PROMPT
Only the lines in the entries below from the line with "Волонтери з Довгого-Войнилова" to the line with "Präsidentschaftskandidat John McCain", both included, belong in the answer, transcribed exactly and without pictures.
##### DATASET EXCERPTS #####
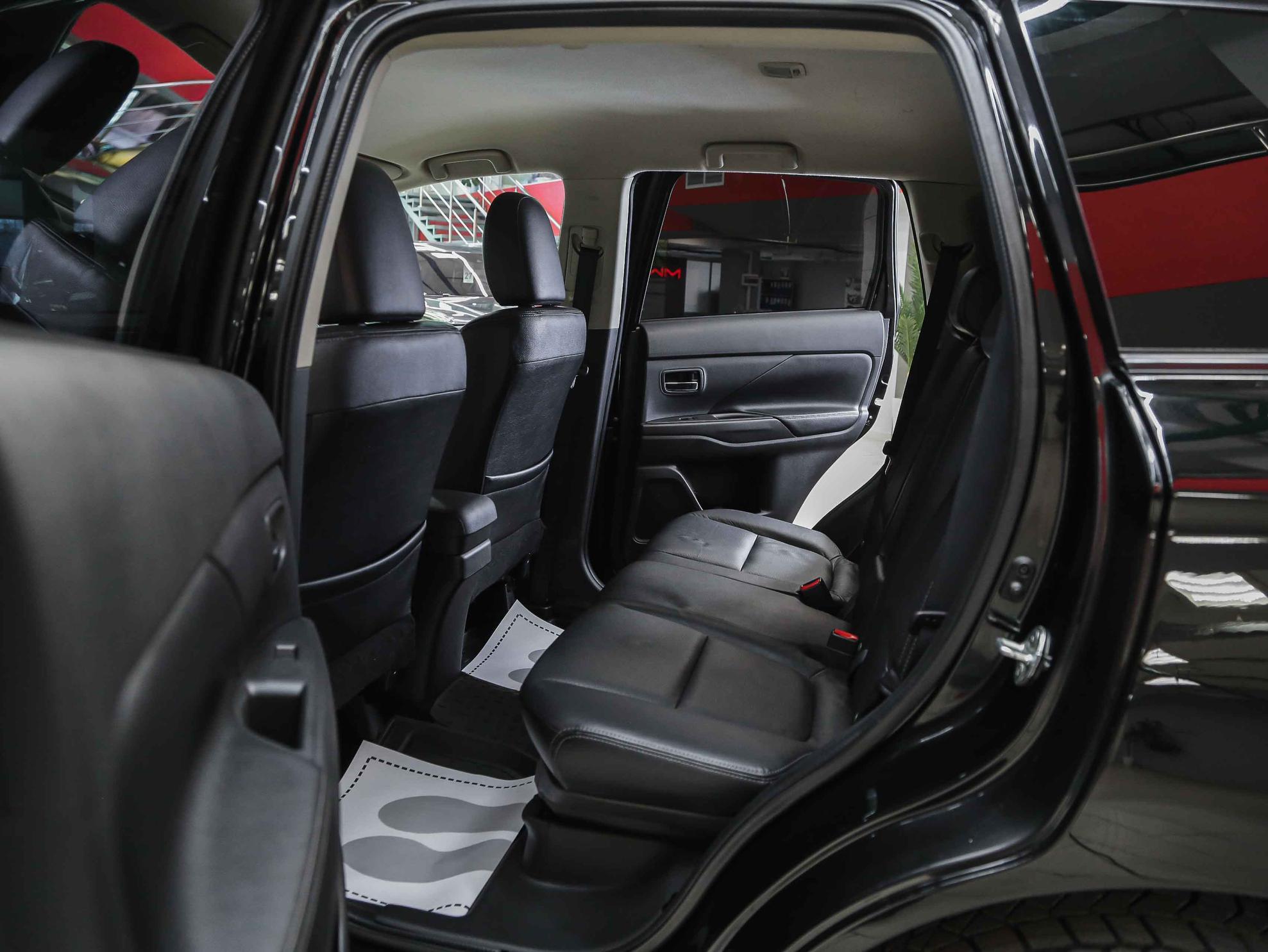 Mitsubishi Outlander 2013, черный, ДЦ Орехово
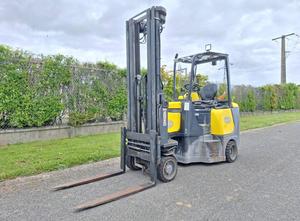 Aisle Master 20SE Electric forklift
#####
##### DATASET EXCERPTS #####
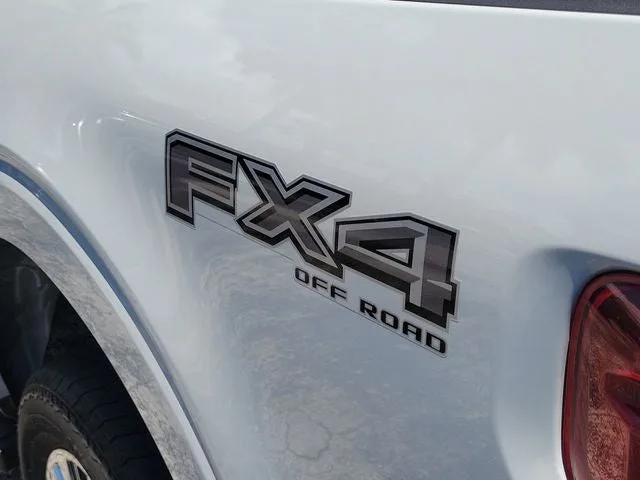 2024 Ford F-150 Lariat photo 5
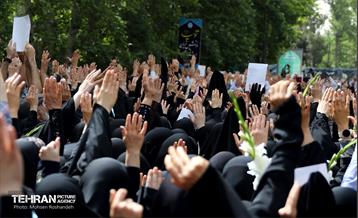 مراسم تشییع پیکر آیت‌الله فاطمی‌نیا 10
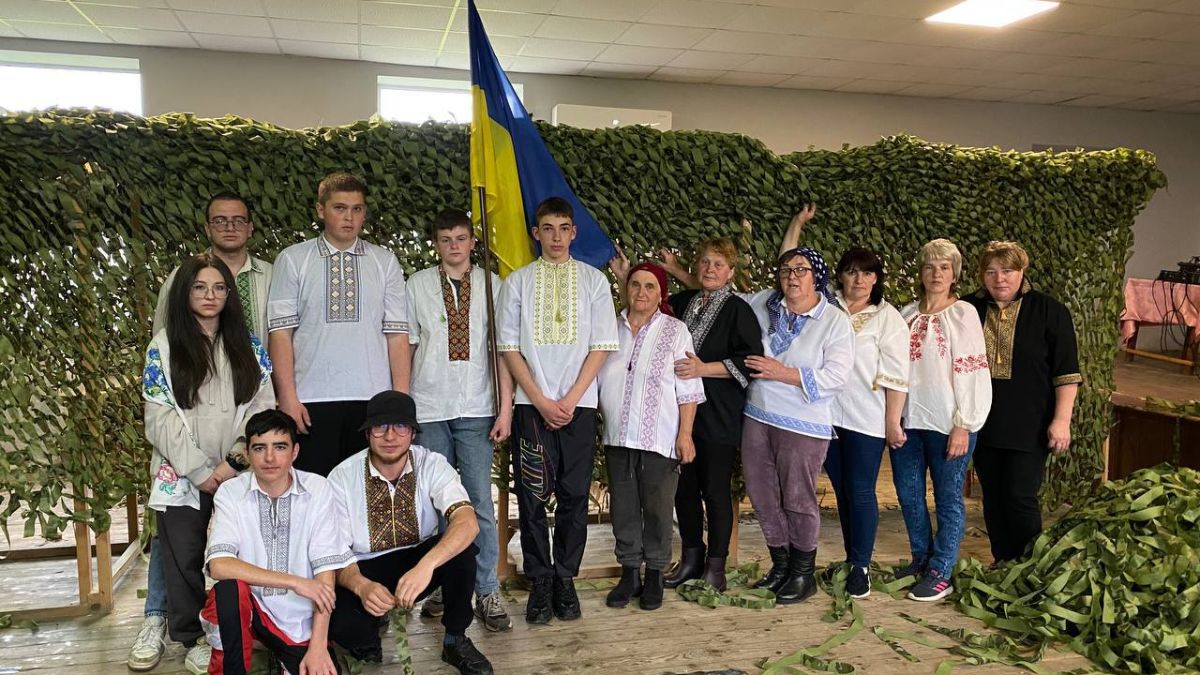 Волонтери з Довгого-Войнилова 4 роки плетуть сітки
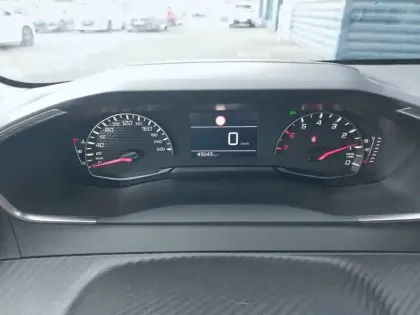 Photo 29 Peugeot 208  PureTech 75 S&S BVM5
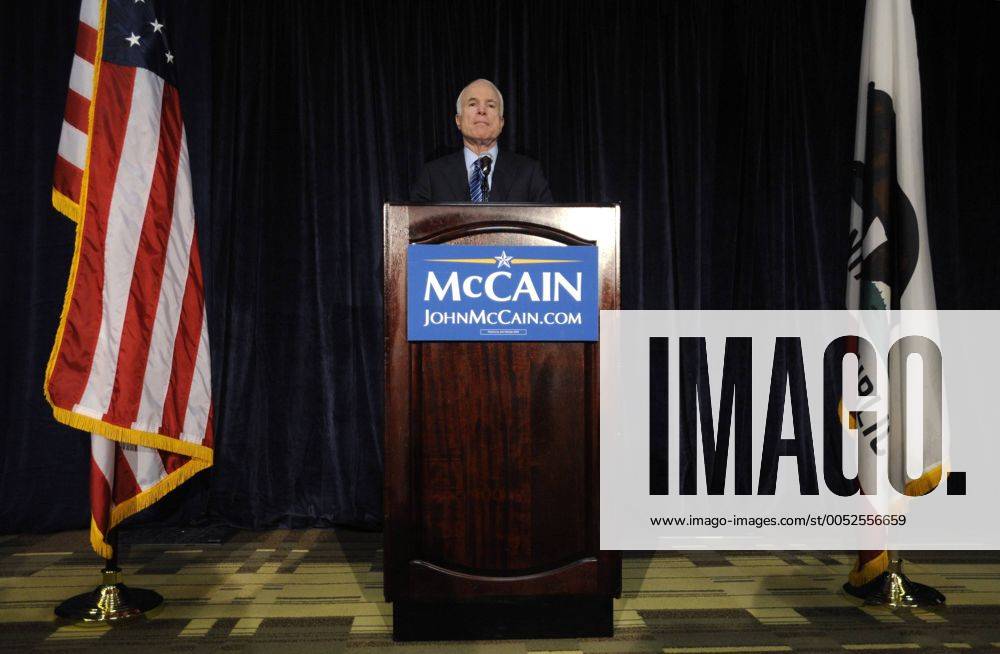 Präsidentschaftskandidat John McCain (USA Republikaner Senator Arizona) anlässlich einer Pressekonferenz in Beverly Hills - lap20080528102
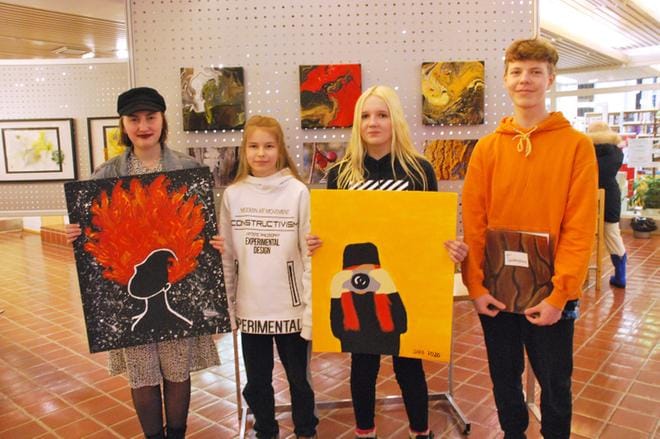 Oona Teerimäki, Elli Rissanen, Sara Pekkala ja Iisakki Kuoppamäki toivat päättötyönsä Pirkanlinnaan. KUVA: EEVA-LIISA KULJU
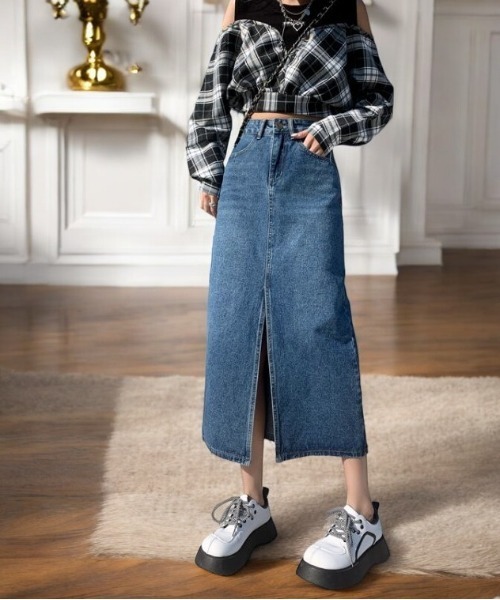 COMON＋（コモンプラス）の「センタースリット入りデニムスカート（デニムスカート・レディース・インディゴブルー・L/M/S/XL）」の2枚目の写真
#####
EXERCISE RESULT
 Волонтери з Довгого-Войнилова 4 роки плетуть сітки
 Photo 29 Peugeot 208  PureTech 75 S&S BVM5
 Präsidentschaftskandidat John McCain (USA Republikaner Senator Arizona) anlässlich einer Pressekonferenz in Beverly Hills - lap20080528102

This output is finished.